I am trying to write a small and simple parser for symbolic specifications in C++. I first tried using tools such as Yacc/Bison (which I already know) and ANTLR, but these are much too unwieldy and complex for what I am trying to do.
My language has the following binary operators: = (specification), + (sum), . (product); and the following unary operators: Seq (sequence of an expression), Z(###) (unit element which can be numbered), and E(###) (neutral element which can also be numbered). It should also contain variables. I think the binding priority on sum and product should be the standard priority.

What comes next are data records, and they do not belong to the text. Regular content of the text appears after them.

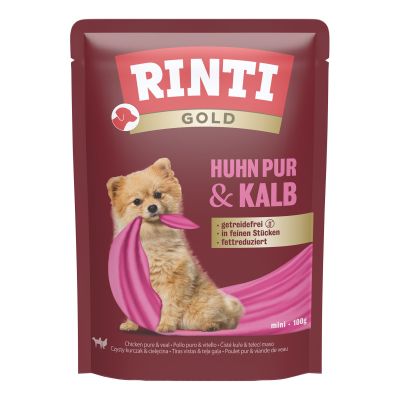 Rinti Gold Mini Huhn & Kalb, 100g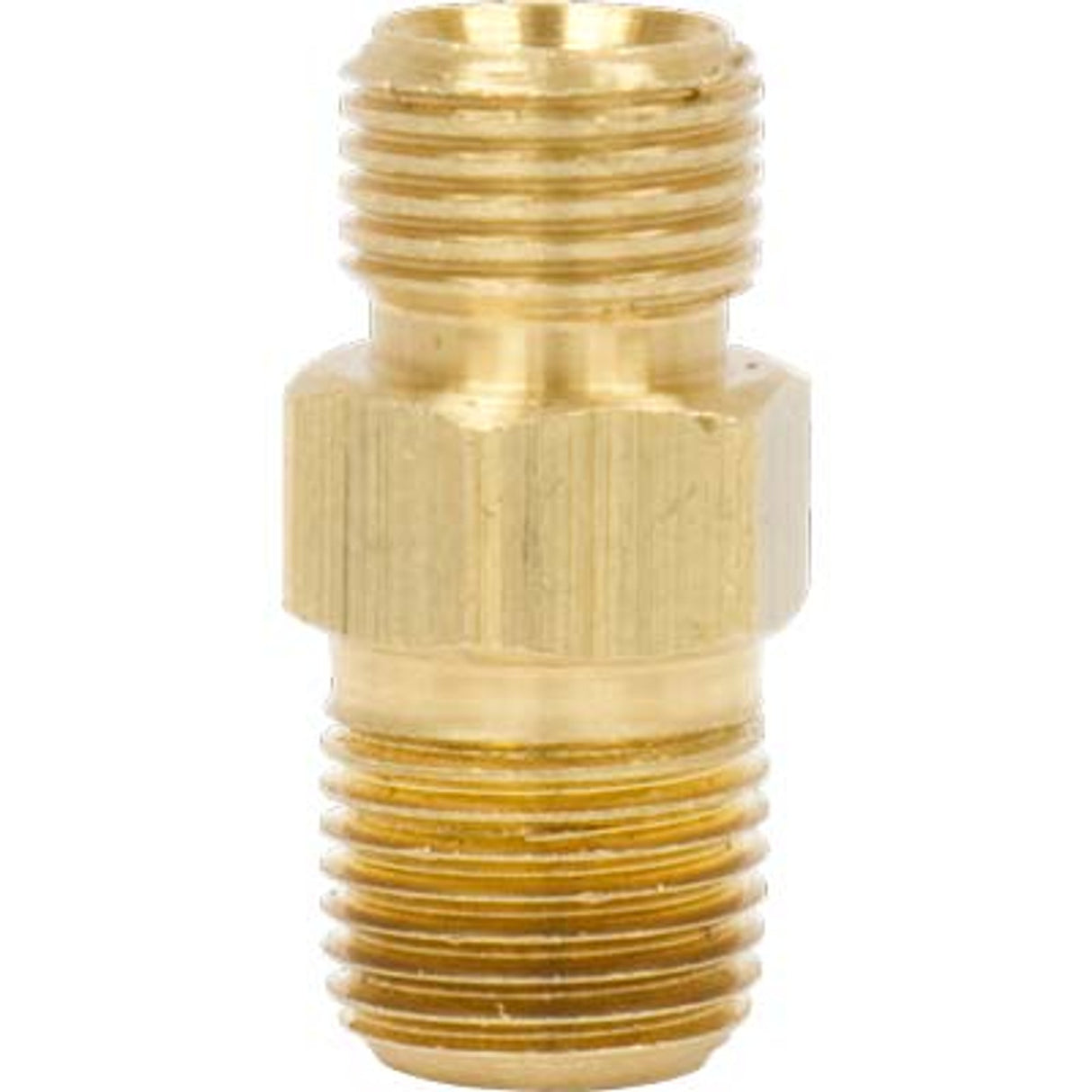 Pirate Brand - Schmidt Mfg Style, Hex Nipple 1/8" NPT x 1/8" w/Ball ST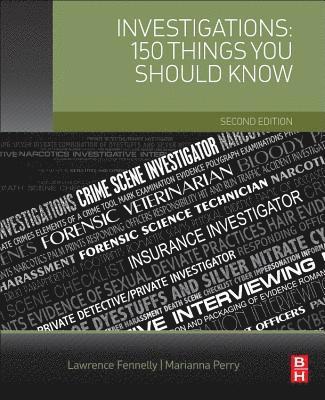 bokomslag Investigations: 150 Things You Should Know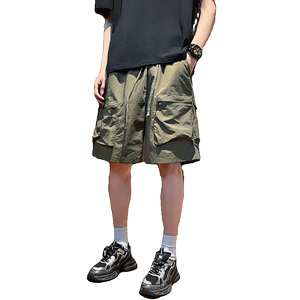 2025夏季男新款五分裤潮流时尚青少年运动沙滩裤DS-D228A-3077P35图片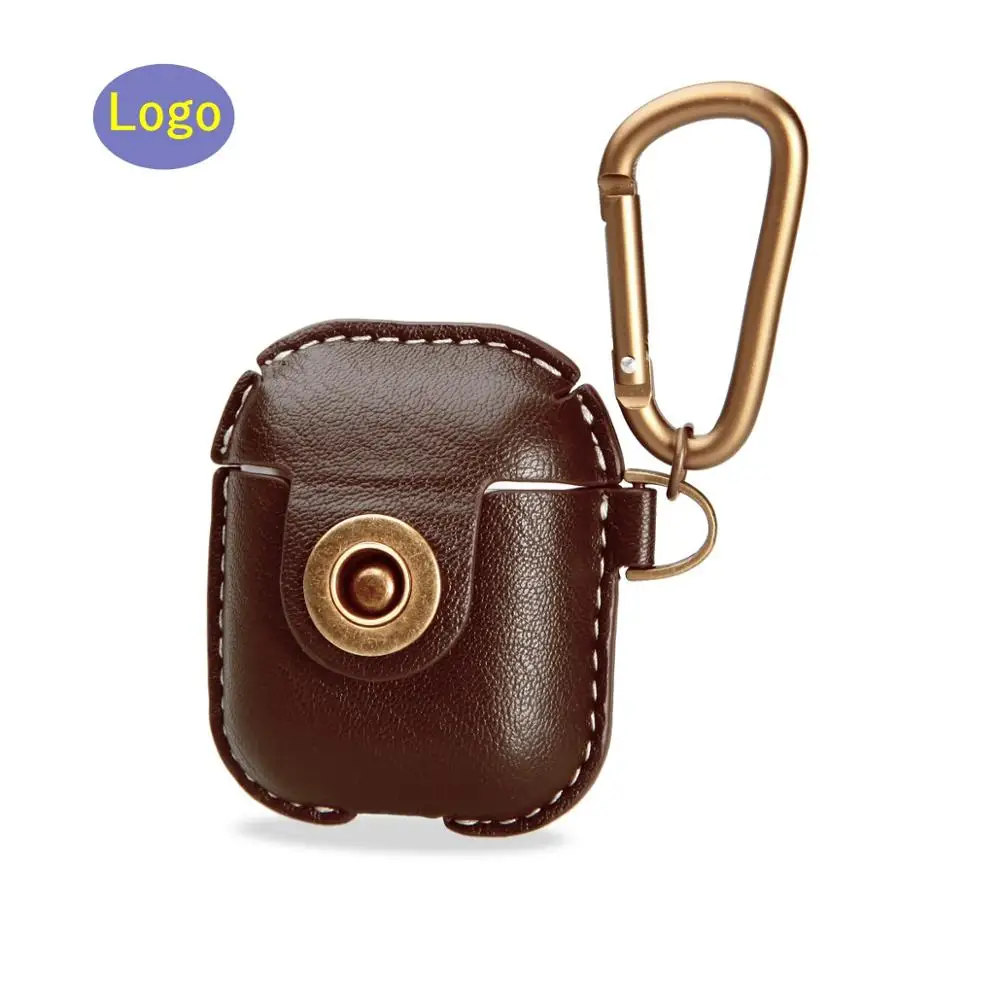 
manufacturer maker machine leather pu case for airpods 2 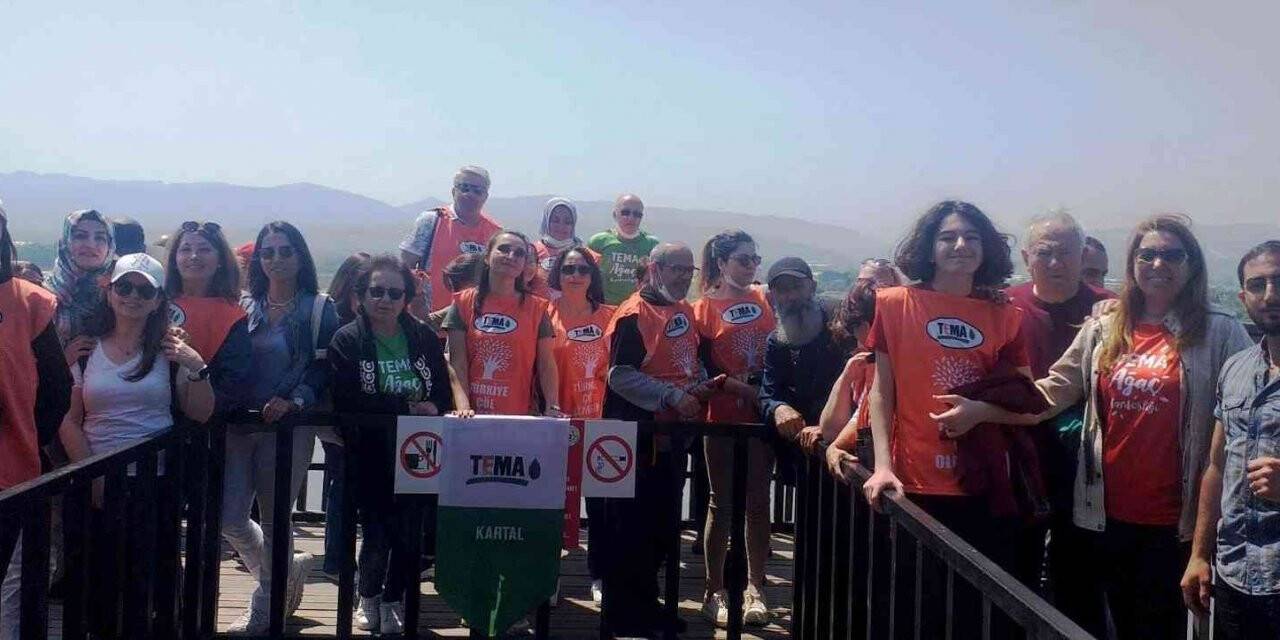 TEMA üyeleri, Hersek Lagünü’nü gezdi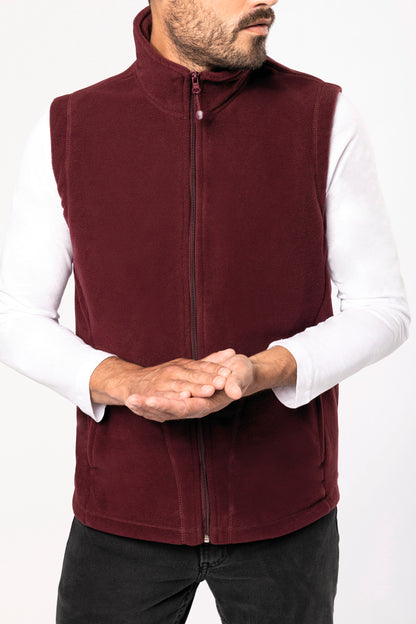 Bodywarmer Fleece
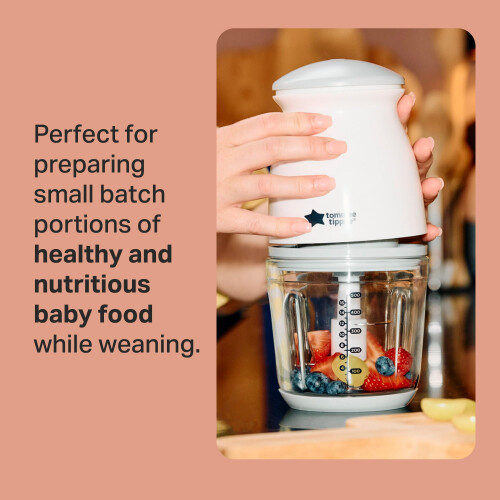 Tommee Tippee Tommee Tippee Quick-Chop, 500ml Capacity, Mini Ele 2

Here is an example of a system of rules:
A = Seq B
B = Z(1) + Z(2).Z(2).C
C = E(1) + Z(4).Z(4).B
which I would like to parse to a associative map, indexing expression trees (Seq B) to a variable name (A).
After several auxiliary attempts (using Python, for instance), I have identified an ideal tool for this, Spirit in the Boost Library. I would like something more tightly integrated in the code. And the following StackOverflow gives most of the elements that I should need:
Boolean expression (grammar) parser in c++
However Spirit is pretty complicated, and I am not helped by the fact that I am not comfortable with the advanced C++ traits that the library uses - or more to the fact, I am not sure how to correct errors given by my compiler. My latest attempt:
https://gist.github.com/anonymous/354bb84e54042a3b54f3
It will not compile. Even if it did, I am not sure I understand how I would manipulate the parsed structure. I am not sure if I am on the right track.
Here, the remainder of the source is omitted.